| >Do you mean no way to get there within realistic computation bounds? I mean there's no well defined "there" either. It's a hand-waved notion that adding more intelligence (itself not very well defined, but let's use IQ) you get to something called "hyperintelligence", say IQ 1000 or IQ 10000, that has what can be described as magical powers, like it can convince any person to do anything, can invent things at will, huge business success, market prediction, and so on. Whether intelligence is cummulative like that, or whether having it gets you those powers (aside from the succesful high IQ people, we know many people with IQ 145+ that are not inventing stuff left and right, or convincing people with some greater charisma than the average IQ 100 or 120 politician, but e.g. are just sad MENSA losers, whose greatest achievement is their test scores). >Because if we allow for arbitrarily high (but still finite) amounts of compute, then some computable approximation of AIXI should work fine. I doubt that too. The limit for LLMs for example is more human produced training data (a hard limit) than compute. |
IQ has an issue that is inessential to the task at hand, which is how it is based on a population distribution. It doesn’t make sense for large values (unless there is a really large population satisfying properties that aren’t satisfied).
> I doubt that too. The limit for LLMs for example is more human produced training data (a hard limit) than compute.
Are you familiar with what AIXI is?
When I said “arbitrarily large”, it wasn’t for laziness reasons that I didn’t give an amount that is plausibly achievable. AIXI is kind of goofy. The full version of AIXI is uncomputable (it uses a halting oracle), which is why I referred to the computable approximations to it.

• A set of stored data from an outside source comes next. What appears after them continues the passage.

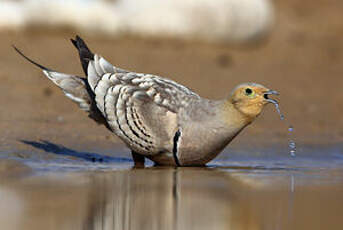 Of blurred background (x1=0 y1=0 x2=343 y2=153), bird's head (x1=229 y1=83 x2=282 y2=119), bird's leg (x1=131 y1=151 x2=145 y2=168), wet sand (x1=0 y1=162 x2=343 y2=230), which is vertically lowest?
wet sand (x1=0 y1=162 x2=343 y2=230)

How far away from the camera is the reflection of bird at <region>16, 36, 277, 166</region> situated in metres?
7.06

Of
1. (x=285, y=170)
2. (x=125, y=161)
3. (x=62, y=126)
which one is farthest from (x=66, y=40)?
(x=285, y=170)

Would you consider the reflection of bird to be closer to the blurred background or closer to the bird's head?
the bird's head

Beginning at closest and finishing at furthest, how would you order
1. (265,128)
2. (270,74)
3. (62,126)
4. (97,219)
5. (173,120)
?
(97,219) → (173,120) → (62,126) → (265,128) → (270,74)

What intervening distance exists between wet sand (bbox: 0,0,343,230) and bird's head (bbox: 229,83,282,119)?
544mm

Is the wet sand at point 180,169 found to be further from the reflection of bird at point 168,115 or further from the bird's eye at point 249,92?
the bird's eye at point 249,92

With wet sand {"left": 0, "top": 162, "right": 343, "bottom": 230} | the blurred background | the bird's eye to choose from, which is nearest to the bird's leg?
wet sand {"left": 0, "top": 162, "right": 343, "bottom": 230}

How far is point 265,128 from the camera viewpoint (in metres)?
9.75

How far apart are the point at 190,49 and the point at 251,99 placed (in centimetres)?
690

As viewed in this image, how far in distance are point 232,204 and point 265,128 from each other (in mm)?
4087

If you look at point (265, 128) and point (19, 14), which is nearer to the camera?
point (265, 128)

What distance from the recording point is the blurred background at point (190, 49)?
10898 mm

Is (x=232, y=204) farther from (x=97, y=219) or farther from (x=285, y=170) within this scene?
(x=285, y=170)

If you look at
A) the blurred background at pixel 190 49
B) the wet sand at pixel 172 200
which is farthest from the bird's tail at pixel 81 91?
the blurred background at pixel 190 49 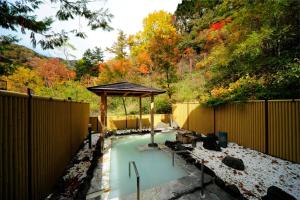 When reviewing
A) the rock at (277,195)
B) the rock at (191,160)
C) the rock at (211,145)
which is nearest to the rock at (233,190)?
the rock at (277,195)

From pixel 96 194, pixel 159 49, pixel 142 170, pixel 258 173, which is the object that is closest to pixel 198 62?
pixel 159 49

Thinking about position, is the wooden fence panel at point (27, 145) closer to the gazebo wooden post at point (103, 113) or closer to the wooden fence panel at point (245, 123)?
the gazebo wooden post at point (103, 113)

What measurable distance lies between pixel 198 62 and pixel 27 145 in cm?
1848

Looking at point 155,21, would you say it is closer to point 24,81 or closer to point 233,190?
point 24,81

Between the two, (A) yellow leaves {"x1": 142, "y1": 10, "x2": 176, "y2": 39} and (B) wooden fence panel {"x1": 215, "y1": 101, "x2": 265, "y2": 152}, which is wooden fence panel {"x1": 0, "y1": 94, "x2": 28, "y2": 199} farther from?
(A) yellow leaves {"x1": 142, "y1": 10, "x2": 176, "y2": 39}

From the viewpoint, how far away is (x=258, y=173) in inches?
188

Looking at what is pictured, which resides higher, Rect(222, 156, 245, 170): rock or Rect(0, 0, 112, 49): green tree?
Rect(0, 0, 112, 49): green tree

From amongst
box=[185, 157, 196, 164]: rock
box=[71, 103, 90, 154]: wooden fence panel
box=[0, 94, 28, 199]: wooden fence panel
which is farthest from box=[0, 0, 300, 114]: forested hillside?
box=[0, 94, 28, 199]: wooden fence panel

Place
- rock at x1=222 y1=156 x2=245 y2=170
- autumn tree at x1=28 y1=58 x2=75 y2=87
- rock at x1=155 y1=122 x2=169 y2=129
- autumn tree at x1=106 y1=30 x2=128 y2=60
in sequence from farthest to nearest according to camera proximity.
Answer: autumn tree at x1=106 y1=30 x2=128 y2=60 → autumn tree at x1=28 y1=58 x2=75 y2=87 → rock at x1=155 y1=122 x2=169 y2=129 → rock at x1=222 y1=156 x2=245 y2=170

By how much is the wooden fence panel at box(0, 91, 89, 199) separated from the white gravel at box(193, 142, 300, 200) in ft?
12.7

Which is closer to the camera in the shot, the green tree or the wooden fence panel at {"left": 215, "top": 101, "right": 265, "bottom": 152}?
the green tree

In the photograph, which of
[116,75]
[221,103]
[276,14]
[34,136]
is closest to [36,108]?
[34,136]

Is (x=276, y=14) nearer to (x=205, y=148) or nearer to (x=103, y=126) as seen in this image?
(x=205, y=148)

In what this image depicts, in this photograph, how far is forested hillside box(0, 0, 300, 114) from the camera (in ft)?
23.7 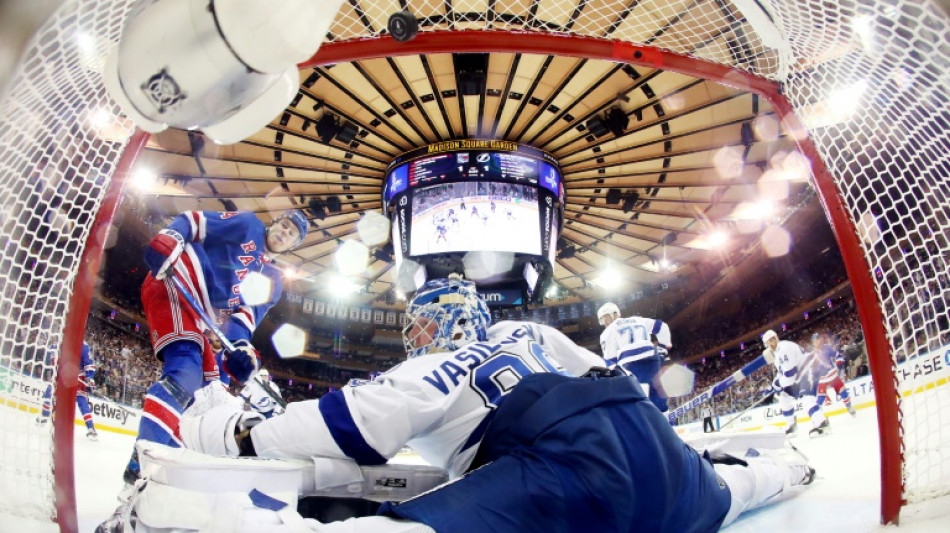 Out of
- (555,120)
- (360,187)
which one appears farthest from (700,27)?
(360,187)

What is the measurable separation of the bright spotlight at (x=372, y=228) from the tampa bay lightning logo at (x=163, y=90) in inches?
355

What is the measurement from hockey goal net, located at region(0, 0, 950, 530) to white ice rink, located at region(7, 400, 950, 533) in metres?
0.11

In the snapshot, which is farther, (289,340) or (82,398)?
(289,340)

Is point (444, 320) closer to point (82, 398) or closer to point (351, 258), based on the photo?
point (82, 398)

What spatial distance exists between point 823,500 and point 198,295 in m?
3.02

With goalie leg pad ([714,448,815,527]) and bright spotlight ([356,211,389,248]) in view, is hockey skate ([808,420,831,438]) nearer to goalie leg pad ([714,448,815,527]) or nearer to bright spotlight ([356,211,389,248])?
goalie leg pad ([714,448,815,527])

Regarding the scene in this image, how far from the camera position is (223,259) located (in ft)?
10.3

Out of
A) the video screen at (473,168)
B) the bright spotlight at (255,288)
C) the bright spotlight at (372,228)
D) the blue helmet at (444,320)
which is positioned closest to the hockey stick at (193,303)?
the bright spotlight at (255,288)

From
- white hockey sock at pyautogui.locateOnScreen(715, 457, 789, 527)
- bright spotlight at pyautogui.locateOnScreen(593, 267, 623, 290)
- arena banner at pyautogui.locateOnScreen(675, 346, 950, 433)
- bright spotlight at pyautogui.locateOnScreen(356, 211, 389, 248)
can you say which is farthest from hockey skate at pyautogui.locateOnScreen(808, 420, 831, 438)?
bright spotlight at pyautogui.locateOnScreen(593, 267, 623, 290)

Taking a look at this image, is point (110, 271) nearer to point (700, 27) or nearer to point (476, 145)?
point (476, 145)

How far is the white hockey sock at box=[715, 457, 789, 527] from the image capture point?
196 cm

AIXI doesn’t exactly need you to give it a training set, just put it in an environment where you give it a way to select actions, and give it a sensory input signal, and a reward signal.
Then, assuming that the environment it is in is computable (which, recall, AIXI itself is not), its long-run behavior will maximize the expected (time discounted) future reward signal.
There’s a sense in which it is asymptotically optimal across computable environments (... though some have argued that this sense relies on a distribution over environments based on the enumeration of computable functions, and that this might make this property kinda trivial. Still, I’m fairly confident that it would be quite effective. I think this triviality issue is mostly a difficulty of having the right definition.)
(Though, if it was possible to implement practically, you would want to make darn sure that the most effective way for it to make its reward signal high would be for it to do good things and not either bad things or to crack open whatever system is setting the reward signal in order for it to set it itself.)
(How it works: AIXI basically enumerates through all possible computable environments, assigning initial probability to each according to the length of the program, and updating the probabilities based on the probability of that environment providing it with the sequence of perceptions and reward signals it has received so far when the agent takes the sequence of actions it has taken so far. It evaluates the expected values of discounted future reward of different combinations of future actions based on its current assigned probability of each of the environments under consideration, and selects its next action to maximize this. I think the maximum length of programs that it considers as possible environments increases over time or something, so that it doesn’t have to consider infinitely many at any particular step.)